When Out There was announced for mobile platforms back in 2013 it seemed like it had the chance to become another of the growing list of indie space games that, for the most part, have done an excellent job at capturing the dangers of science fiction space travel and space combat. Since these sort of games are kind of my jam, I went out of my way to pick it up for iOS as soon as humanly possible.
What I got, though, was not what I was expecting. I had been picturing a less combat focused FTL, and instead what I got was a brutal survival simulator, one that despite being surprisingly simple to wrap my head around wound up being one of the most difficult games I’ve ever played.
Here’s what I know about the game. If you run out of fuel or oxygen, you die. If your ship breaks, you die. You need to visit planets and stars to mine minerals and harvest fuel, and sometimes doing that can kill you. There are multiple endings, and I have no idea what they are because I’ve never made it to them. There’s a dozen or more technologies that you can obtain and build, but you need to re-obtain them every time you play. There are derelict alien ships you can sometimes find. There’s an entire alien language which you come across in random events, and sometimes you get translations for specific words, and when you die you lose those translations. You can write them down, if you want, and eventually you could manually translate every alien word yourself.
It has a simple science fiction setup and then throws you into the deep end of the pool, and you will likely drown. Over and over and over. And it’s awesome.

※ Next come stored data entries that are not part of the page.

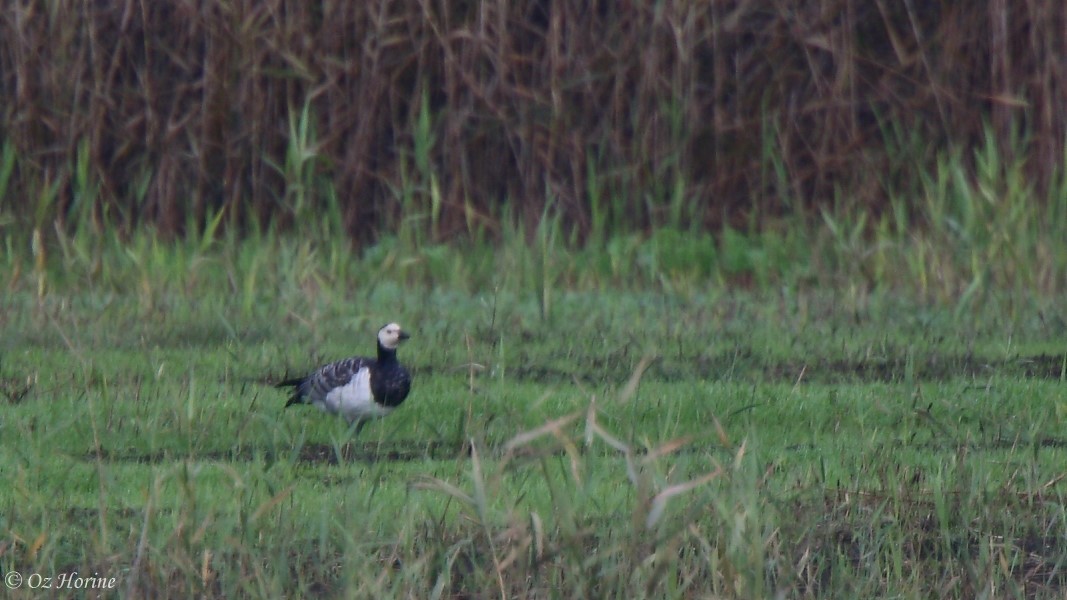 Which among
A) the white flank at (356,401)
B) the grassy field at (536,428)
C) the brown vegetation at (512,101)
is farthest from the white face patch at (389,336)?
the brown vegetation at (512,101)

It was a choose your own adventure rogue-like when it launched on mobile, and almost from the start I remember wishing it had a PC release of some kind. It’s great as a mobile game. There’s no real action, so being interrupted while playing on a bus or something isn’t a huge deal, but still, I wanted to be able to play it from the comfort of my chair, whenever I felt like.
So the Omega Edition, a Steam release, seemed like it could be nice.
And it is nice. There’s some problems, though.
The in-game hints still read like a mobile game. They refer to ‘tapping’ instead of ‘clicking’ or ‘selecting’. Accidentally hitting ‘continue’ from the menu stuck me in a frozen screen that prompted a dialogue box that can through what seemed like a standard interactive tutorial, except there was nothing to interact with, and once I clicked through to the end I couldn’t leave the screen or remove the now-empty dialogue box.
During a random event that read like it was supposed to throw me to a random position on the star map my ship became frozen in place, breaking the camera and distance display. When I managed to click around until I could find a star I could move to, I tried to harvest resources to keep playing, only to have the resource menu simply vanish, and leave me stranded in a solar system of layered, displaced graphics, which ended that particular run.
There’s some issues, is what I’m saying.
But the beauty of Out There is that any playthrough is short, and can be over in a matter of minutes. So being forced to restart the game was barely a thing, in the long run. Chances are I would have died before reaching the end, so it wasn’t nearly as much of a problem as that sort of thing could have been in almost any other game.
I’ve only encountered these issues once, and have been unable to reproduce them at all. And if the updates are anything like the mobile version, I’m sure they’ll soon be fixed. And even if they aren’t, they aren’t nearly enough of a problem to detract from the game as a whole.
I’m sort of enchanted with Out There. It’s difficult in the sort of way something like Dark Souls is difficult, but the controls are simplistic enough that it’s difficult to get frustrated. It’s merciless and relentless in how it tries to kill you, and honestly, if you woke up all alone, in space, on a ship ready to come apart at the seams? You’d probably die just as quickly as you will playing this.
Out There: Omega Edition is challenging, and despite encounters with a few bugs, it’s interesting, fun, intuitive, and quick to pick up and play.
This review is based on a code sent to SideQuesting by the publisher.